Hay un chiste argentino sobre los españoles, los allí llamados "gallegos", que más o menos, es así: Por la radio bonaerense se escucha un aviso por parte de la policía: "¡Atención!, ¡atención! Se advierte que por la avenida 9 de Julio, hay un boludo que circula en contra dirección". La policía reitera el aviso dados los riesgos de que se produzca un accidente. En eso, el individuo que conduce dicho vehículo en contra dirección, el "gallego", al escuchar la advertencia, comenta para sí mismo: ¿cómo que un boludo?, ¡¡¡Son cientos!!!


Como ya había señalado Freud los chistes son reflejo de procesos psicológicos complejos y en este caso el chiste del gallego pone de manifiesto la dificultad que a veces tenemos de reconocer nuestros propios errores y simultáneamente, la transferencia de éstos a los demás.


Pues algo parecido está ocurriendo con la sociedad uruguaya y su reacción respecto al mordisco del jugador de su selección, Luis Suárez al jugador italiano Chiellini. Donde la mayoría de aficionados ha visto una clara agresión del delantero charrúa, los uruguayos (al menos una gran parte de ellos) se niegan a reconocerlo, o a rebajar su importancia recalcando que se trató de un simple lance del juego, como tantos otros que se producen durante el transcurso de un partido.
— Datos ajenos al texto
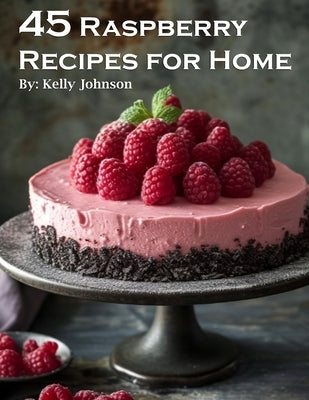 45 Raspberry Recipes for Home by Johnson, Kelly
Dada esa valoración no es extraño que muchos uruguayos hayan reaccionado furibundamente al conocer la sanción que la FIFA ha impuesto al delantero: nueve partidos internacionales y la prohibición de ejercer cualquier actividad vinculada con el fútbol durante cuatro meses. Por ejemplo, la presidenta del Frente Amplio, Mónica Xavier escribió en su cuenta de Twitter: "Indignante resolución FIFA. Arriba Uruguay. ¡Todos somos Suárez!". Incluso, el presidente de Uruguay, José Mujica, se reunió con su ministra de Deporte, Lilián Kechichián, para analizar la situación, después de que el Gobierno calificara la sanción de "desmedida".


Pero en realidad esta fenómeno de ceguera selectiva que conduce a sospechas conspirativas no es exclusivo de los uruguayos. Estos fenómenos colectivos son propios del tribalismo deportivo que se produce de una manera frecuente en el mundo del fútbol y que lleva a que los aficionados dejen de ver el deporte en términos de una competición de habilidades en la que merece ganar quien más méritos logre para observarlo como un enfrentamiento cuasi bélico entre equipos a los que prestan una adhesión incondicional.


Esta actitud se agrava notoriamente cuando la competición tiene lugar entre selecciones nacionales. Entonces, emergen los sentimientos nacionalistas más profundos e irracionales: lo que pasa a tener relevancia, entonces, es que nuestra selección obtenga la victoria sea como sea. No importa cómo. Transcurrido un tiempo, solo nos acordaremos de los triunfos, no de cómo fueron obtenidos. Por ejemplo, ¿qué italiano recuerda el codazo de Tassoti a Luis Enrique? o ¿qué argentino renegaría del famoso gol con la mano que Maradona marcó a Inglaterra?De hecho, yo no me acuerdo que España haya ganado nunca gracias a una injusticia, a una ayuda arbitral o que algún jugador nuestro haya agredido a un rival. ¿Y ustedes?